Researchers have since been developing novel methods for overcoming the difficulties in obtaining an appropriate manifold representation of the data. Samko et al. [55] has developed an estimator for optimal neighborhood size for Isomap. However, in cases of varying neighborhood densities, an optimal neighborhood size may not exist on a global scale. Others have developed adaptive methods that select neighbors based on additional constraints such as local tangents [56], [57], intrinsic dimensionality [58], and estimating geodesic distances within a neighborhood [59]. The additional constraints in these adaptive methods aim to create a graph that does not contain spurious neighbors, but the use of additional constraints leaves the user with an additional degree of freedom to define when creating a manifold.
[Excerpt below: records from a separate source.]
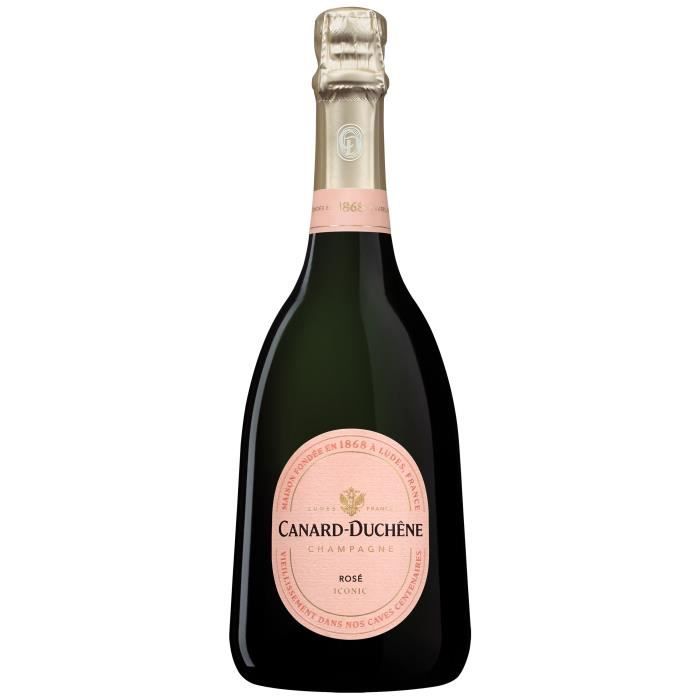 Champagne Canard Duchene Charles VII Ros� - 75 cl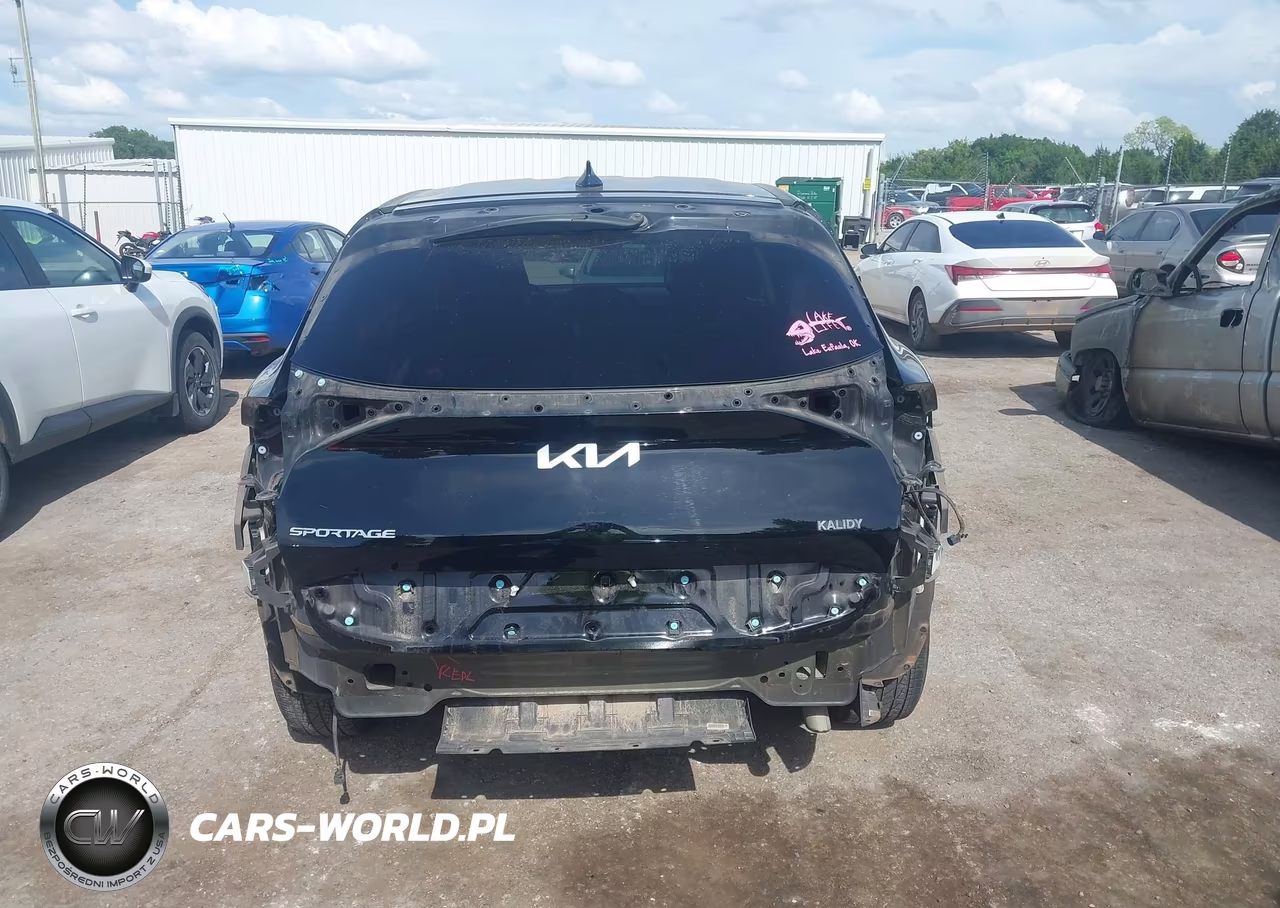 2023 Kia Sportage Ex VIN:5XYK33AF1PG009766 - 17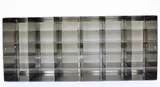 VWR Stainless Steel Freezer Rack Holds 30 Boxes -80C Cold Storage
Along with other groups [60], [61], [62], the Rutgers Laboratory for Computational Imaging and Bioinformatics (LCIB) group has been working on developing NLDR schemes that have been shown to be more resistant to some of the failings of LLE [50] and Isomap [49]. C-Embed is a consensus NLDR scheme that [54], [63], [64], [65] combines multiple low dimensional multi-dimensional projections of the data to obtain a more robust low dimensional data representation, one which is not sensitive to careful selection of the neighborhood parameter (κ), unlike LLE and Isomap. These schemes [11], [63], [65], [66], [67], [68], [69] allow for non-linearly transforming each of the k individual high dimensional heterogeneous modalities into the common format of low dimensional embedding vectors thereby enabling direct, data-level fusion of structural, functional, metabolic, architectural, genomic, and proteomic information in the original space while overcoming the differences in scale, size, and dimensionality of individual feature spaces. This integrated representation of multiple modalities in the transformed space can be used to train meta-classifiers for studying and predicting biological activity.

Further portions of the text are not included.